### DATA PROVIDED
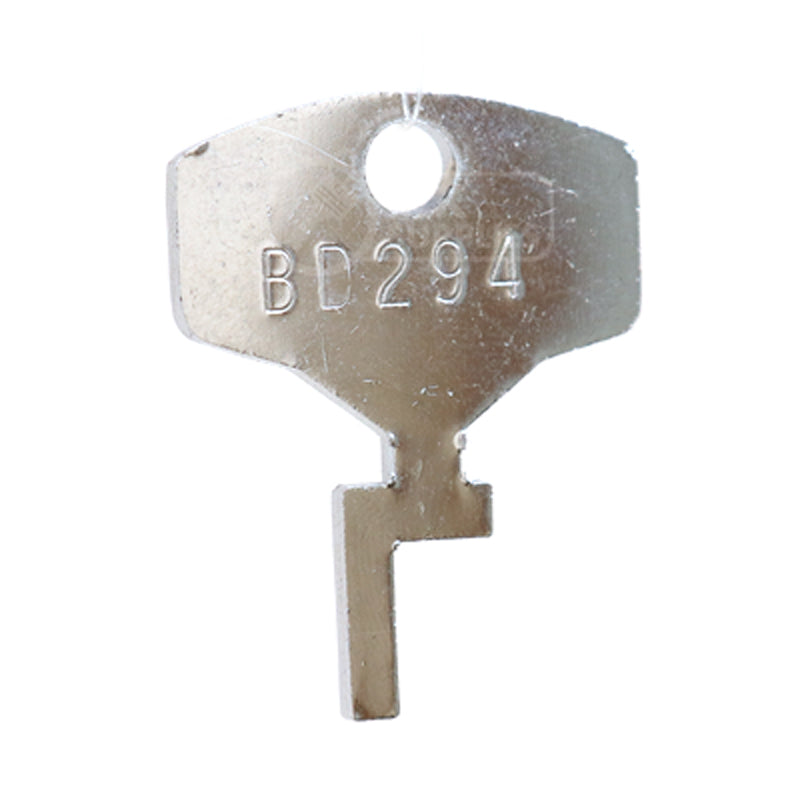 Precut Key Blank | Pass & Seymour, Legrand | BD294 Equipment Key Framon Manufacturing Company, Inc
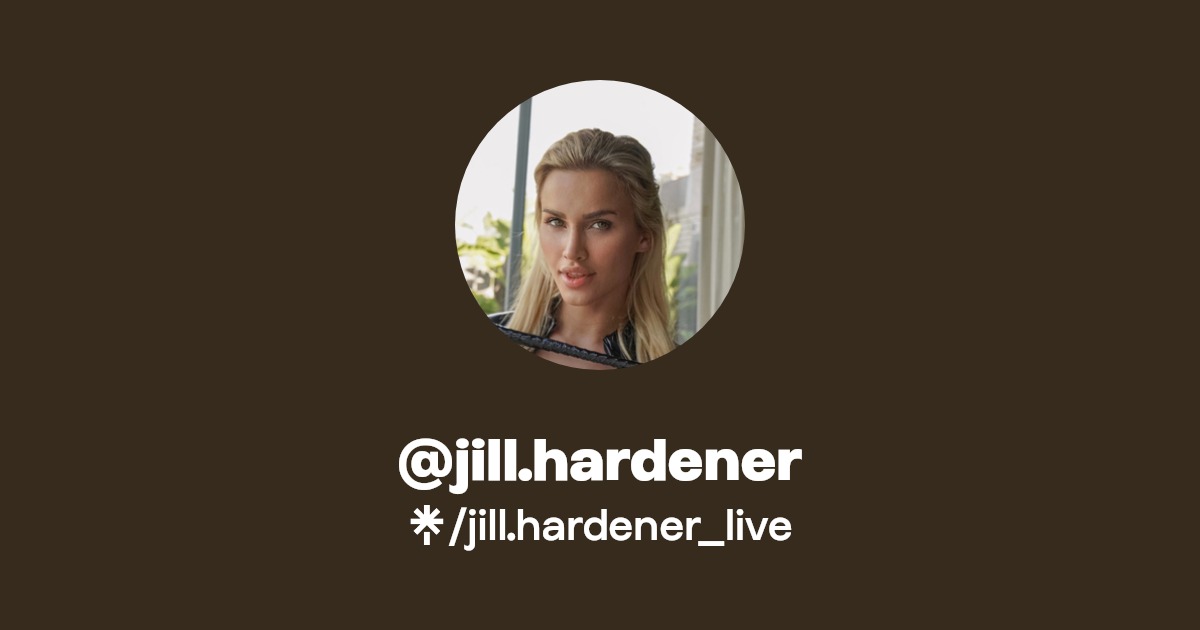 @jill.hardener - Find @jill.hardener Onlyfans - Linktree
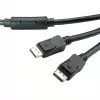 DisplayPort kabelis VALUE 14.99.3496 20 m juodas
######
→ **PROBLEM TO SOLVE**
Leave every picture out, and transcribe the data above exactly as it reads.

→ **RESPONSE FOR THIS EXERCISE**
 Precut Key Blank | Pass & Seymour, Legrand | BD294 Equipment Key Framon Manufacturing Company, Inc
 @jill.hardener - Find @jill.hardener Onlyfans - Linktree
 DisplayPort kabelis VALUE 14.99.3496 20 m juodas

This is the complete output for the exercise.